╭─ PROVIDED RECORDS

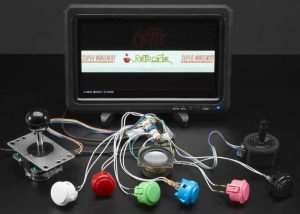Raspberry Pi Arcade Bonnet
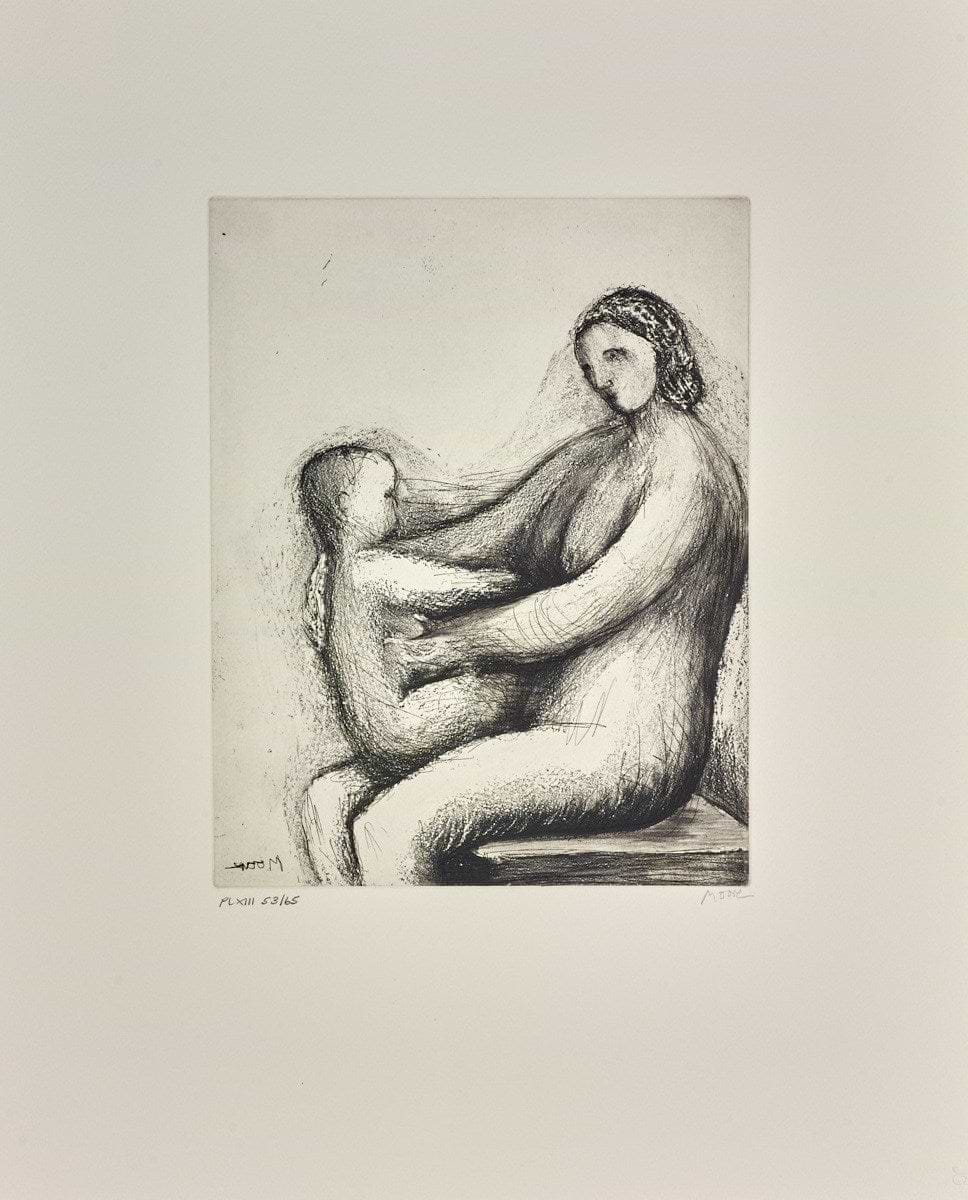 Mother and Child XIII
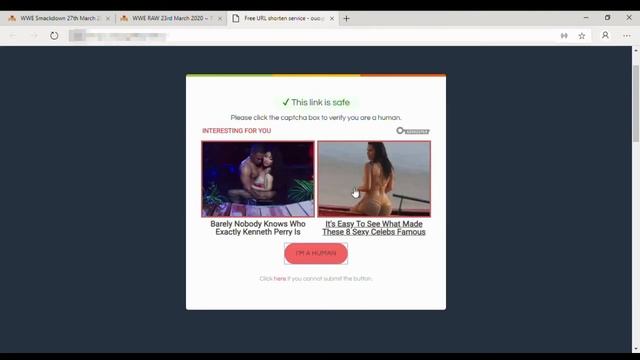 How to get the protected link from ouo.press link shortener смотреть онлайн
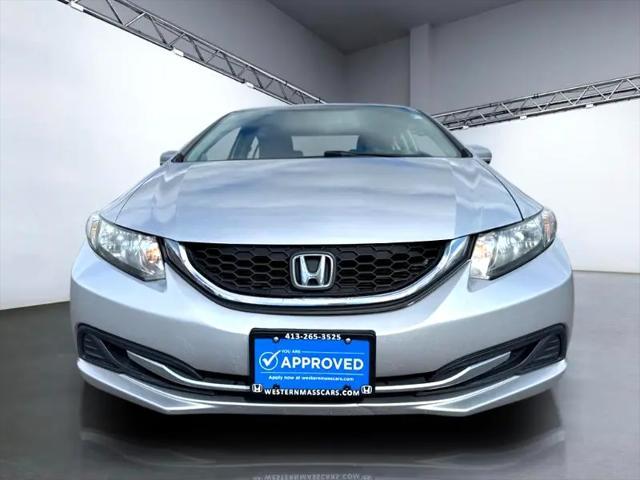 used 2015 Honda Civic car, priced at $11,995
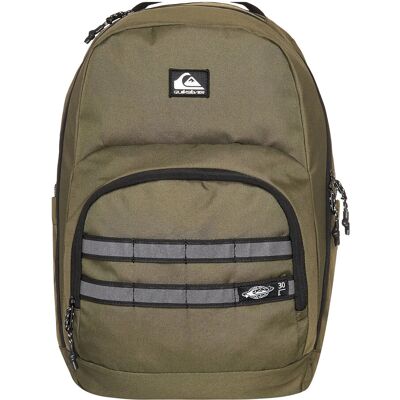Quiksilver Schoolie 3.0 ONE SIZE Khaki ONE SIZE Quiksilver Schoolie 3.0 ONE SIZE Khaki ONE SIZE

╰─

TASK INSTRUCTIONS -> Every line above must appear in the answer unchanged, and no picture may appear in it.

SOLUTION TO THIS TASK ->
Raspberry Pi Arcade Bonnet
 Mother and Child XIII
 How to get the protected link from ouo.press link shortener смотреть онлайн
 used 2015 Honda Civic car, priced at $11,995
Quiksilver Schoolie 3.0 ONE SIZE Khaki ONE SIZE Quiksilver Schoolie 3.0 ONE SIZE Khaki ONE SIZE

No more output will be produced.